╭──
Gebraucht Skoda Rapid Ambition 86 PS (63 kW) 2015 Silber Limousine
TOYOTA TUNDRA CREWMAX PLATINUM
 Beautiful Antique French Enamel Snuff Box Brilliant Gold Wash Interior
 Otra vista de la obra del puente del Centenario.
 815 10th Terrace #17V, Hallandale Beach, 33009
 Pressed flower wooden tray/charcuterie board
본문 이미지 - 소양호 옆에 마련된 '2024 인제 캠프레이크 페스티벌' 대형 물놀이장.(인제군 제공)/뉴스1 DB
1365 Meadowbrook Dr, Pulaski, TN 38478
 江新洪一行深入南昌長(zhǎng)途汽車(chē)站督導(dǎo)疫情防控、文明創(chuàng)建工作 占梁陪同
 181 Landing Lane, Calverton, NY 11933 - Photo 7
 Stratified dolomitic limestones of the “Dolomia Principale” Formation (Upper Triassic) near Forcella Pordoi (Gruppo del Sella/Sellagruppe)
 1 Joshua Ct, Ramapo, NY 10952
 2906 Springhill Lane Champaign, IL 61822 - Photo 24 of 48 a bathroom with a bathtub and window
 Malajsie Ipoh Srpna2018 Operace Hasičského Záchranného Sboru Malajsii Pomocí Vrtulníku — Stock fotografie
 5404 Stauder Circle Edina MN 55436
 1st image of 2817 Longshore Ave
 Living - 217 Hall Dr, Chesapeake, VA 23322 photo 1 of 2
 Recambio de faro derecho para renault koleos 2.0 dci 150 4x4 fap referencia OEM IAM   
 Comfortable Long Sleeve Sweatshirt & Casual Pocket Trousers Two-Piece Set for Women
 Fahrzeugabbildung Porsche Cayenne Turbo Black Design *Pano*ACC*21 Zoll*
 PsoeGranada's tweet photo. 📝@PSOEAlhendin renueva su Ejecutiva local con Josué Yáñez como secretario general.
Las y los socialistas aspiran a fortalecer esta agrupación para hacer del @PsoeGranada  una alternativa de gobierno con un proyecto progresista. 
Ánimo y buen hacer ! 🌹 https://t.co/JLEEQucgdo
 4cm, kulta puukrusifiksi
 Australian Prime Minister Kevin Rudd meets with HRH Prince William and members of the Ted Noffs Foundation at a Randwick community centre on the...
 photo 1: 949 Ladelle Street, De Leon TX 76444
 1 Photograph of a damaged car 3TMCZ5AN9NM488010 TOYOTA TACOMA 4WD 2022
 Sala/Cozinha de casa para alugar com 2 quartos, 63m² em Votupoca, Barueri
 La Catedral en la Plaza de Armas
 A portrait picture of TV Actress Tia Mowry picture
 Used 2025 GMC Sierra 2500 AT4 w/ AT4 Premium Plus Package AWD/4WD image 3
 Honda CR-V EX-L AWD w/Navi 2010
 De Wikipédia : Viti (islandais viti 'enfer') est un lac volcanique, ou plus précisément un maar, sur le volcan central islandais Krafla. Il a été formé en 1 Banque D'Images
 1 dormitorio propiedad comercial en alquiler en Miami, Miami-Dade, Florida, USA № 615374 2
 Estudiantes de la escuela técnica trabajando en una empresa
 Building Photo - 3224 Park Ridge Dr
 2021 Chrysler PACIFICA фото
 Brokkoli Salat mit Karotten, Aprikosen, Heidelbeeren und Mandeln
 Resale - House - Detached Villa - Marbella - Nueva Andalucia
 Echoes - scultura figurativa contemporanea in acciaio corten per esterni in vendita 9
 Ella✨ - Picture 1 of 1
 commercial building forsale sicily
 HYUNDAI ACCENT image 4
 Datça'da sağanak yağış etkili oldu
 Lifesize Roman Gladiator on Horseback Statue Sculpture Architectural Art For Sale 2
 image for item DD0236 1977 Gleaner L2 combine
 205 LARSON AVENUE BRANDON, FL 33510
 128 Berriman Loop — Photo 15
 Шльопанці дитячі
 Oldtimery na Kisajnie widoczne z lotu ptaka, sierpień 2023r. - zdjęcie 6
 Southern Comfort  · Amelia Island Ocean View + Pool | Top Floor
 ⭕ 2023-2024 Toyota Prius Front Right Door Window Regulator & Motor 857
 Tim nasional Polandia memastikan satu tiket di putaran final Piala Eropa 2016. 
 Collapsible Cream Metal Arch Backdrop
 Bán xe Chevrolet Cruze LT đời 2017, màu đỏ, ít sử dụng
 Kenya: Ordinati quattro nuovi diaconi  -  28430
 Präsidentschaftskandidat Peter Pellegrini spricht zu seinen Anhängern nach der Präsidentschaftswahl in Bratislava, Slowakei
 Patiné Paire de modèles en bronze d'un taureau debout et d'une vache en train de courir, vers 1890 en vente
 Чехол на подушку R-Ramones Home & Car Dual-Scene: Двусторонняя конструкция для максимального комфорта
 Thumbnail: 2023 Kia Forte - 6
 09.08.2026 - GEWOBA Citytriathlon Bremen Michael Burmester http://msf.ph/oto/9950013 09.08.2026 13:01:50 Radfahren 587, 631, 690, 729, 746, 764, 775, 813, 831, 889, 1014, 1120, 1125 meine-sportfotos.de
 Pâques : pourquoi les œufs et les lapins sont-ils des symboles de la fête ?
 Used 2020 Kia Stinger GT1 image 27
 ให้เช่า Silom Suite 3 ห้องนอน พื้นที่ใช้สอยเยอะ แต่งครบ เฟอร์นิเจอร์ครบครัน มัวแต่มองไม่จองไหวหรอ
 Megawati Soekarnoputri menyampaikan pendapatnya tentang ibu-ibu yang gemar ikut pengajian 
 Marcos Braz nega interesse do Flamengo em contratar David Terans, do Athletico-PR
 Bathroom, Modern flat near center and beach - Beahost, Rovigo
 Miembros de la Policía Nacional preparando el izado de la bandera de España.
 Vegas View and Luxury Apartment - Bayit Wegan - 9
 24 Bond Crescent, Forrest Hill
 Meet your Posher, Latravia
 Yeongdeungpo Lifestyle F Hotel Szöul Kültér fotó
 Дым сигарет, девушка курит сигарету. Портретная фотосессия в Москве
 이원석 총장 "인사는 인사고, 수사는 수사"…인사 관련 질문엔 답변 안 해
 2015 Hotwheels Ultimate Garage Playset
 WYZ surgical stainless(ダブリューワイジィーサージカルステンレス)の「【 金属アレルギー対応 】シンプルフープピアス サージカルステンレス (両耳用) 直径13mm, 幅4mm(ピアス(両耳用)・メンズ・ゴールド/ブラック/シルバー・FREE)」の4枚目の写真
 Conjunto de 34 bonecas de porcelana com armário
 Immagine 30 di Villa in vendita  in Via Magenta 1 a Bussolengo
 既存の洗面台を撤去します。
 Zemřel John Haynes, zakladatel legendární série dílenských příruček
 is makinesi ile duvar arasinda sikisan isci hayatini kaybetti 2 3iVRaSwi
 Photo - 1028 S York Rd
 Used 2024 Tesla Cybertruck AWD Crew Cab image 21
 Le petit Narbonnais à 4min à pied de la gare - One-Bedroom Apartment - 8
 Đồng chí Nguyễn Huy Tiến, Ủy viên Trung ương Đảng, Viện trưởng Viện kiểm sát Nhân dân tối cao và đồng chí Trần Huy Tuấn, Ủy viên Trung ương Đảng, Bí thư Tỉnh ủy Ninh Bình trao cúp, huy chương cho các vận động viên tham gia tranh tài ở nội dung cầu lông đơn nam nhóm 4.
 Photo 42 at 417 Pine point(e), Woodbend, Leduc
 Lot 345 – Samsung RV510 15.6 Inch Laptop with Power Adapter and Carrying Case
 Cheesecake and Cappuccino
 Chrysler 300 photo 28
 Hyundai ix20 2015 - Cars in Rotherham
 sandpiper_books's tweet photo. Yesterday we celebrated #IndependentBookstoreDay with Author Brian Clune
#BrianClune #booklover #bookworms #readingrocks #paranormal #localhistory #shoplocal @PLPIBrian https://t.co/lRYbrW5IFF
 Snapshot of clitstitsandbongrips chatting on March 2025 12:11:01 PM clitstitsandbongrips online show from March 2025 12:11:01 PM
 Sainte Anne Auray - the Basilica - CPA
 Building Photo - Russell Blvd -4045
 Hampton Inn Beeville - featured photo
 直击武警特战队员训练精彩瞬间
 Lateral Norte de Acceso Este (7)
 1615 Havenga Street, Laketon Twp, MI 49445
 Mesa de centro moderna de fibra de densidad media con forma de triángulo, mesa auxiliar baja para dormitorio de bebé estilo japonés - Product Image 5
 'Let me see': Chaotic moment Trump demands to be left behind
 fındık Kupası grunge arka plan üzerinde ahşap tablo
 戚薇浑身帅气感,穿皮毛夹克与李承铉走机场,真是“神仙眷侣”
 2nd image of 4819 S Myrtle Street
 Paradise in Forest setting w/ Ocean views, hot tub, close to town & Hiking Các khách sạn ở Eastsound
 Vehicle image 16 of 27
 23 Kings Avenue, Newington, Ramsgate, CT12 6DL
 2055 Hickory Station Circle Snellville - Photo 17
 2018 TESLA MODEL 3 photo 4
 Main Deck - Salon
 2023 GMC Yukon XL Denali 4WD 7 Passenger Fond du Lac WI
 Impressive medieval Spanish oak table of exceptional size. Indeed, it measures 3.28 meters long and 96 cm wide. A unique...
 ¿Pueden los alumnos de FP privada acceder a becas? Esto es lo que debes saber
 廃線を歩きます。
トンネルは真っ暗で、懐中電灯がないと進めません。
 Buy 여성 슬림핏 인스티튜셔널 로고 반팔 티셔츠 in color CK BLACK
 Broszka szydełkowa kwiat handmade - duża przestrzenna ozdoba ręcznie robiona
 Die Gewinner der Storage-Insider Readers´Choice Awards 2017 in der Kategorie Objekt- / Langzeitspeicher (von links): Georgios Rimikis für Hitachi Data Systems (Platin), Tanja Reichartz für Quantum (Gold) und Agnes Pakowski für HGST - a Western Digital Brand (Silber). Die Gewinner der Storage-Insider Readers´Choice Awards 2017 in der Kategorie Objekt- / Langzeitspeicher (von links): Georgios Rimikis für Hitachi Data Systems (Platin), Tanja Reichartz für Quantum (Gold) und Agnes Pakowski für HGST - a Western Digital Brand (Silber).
╰──
(Work item): All lines above from the one holding "A portrait picture" to the one holding "Kenya: Ordinati quattro", inclusive, are to be copied exactly; no other line is wanted.

(Worked solution):
 A portrait picture of TV Actress Tia Mowry picture
 Used 2025 GMC Sierra 2500 AT4 w/ AT4 Premium Plus Package AWD/4WD image 3
 Honda CR-V EX-L AWD w/Navi 2010
 De Wikipédia : Viti (islandais viti 'enfer') est un lac volcanique, ou plus précisément un maar, sur le volcan central islandais Krafla. Il a été formé en 1 Banque D'Images
 1 dormitorio propiedad comercial en alquiler en Miami, Miami-Dade, Florida, USA № 615374 2
 Estudiantes de la escuela técnica trabajando en una empresa
 Building Photo - 3224 Park Ridge Dr
 2021 Chrysler PACIFICA фото
 Brokkoli Salat mit Karotten, Aprikosen, Heidelbeeren und Mandeln
 Resale - House - Detached Villa - Marbella - Nueva Andalucia
 Echoes - scultura figurativa contemporanea in acciaio corten per esterni in vendita 9
 Ella✨ - Picture 1 of 1
 commercial building forsale sicily
 HYUNDAI ACCENT image 4
 Datça'da sağanak yağış etkili oldu
 Lifesize Roman Gladiator on Horseback Statue Sculpture Architectural Art For Sale 2
 image for item DD0236 1977 Gleaner L2 combine
 205 LARSON AVENUE BRANDON, FL 33510
 128 Berriman Loop — Photo 15
 Шльопанці дитячі
 Oldtimery na Kisajnie widoczne z lotu ptaka, sierpień 2023r. - zdjęcie 6
 Southern Comfort  · Amelia Island Ocean View + Pool | Top Floor
 ⭕ 2023-2024 Toyota Prius Front Right Door Window Regulator & Motor 857
 Tim nasional Polandia memastikan satu tiket di putaran final Piala Eropa 2016. 
 Collapsible Cream Metal Arch Backdrop
 Bán xe Chevrolet Cruze LT đời 2017, màu đỏ, ít sử dụng
 Kenya: Ordinati quattro nuovi diaconi  -  28430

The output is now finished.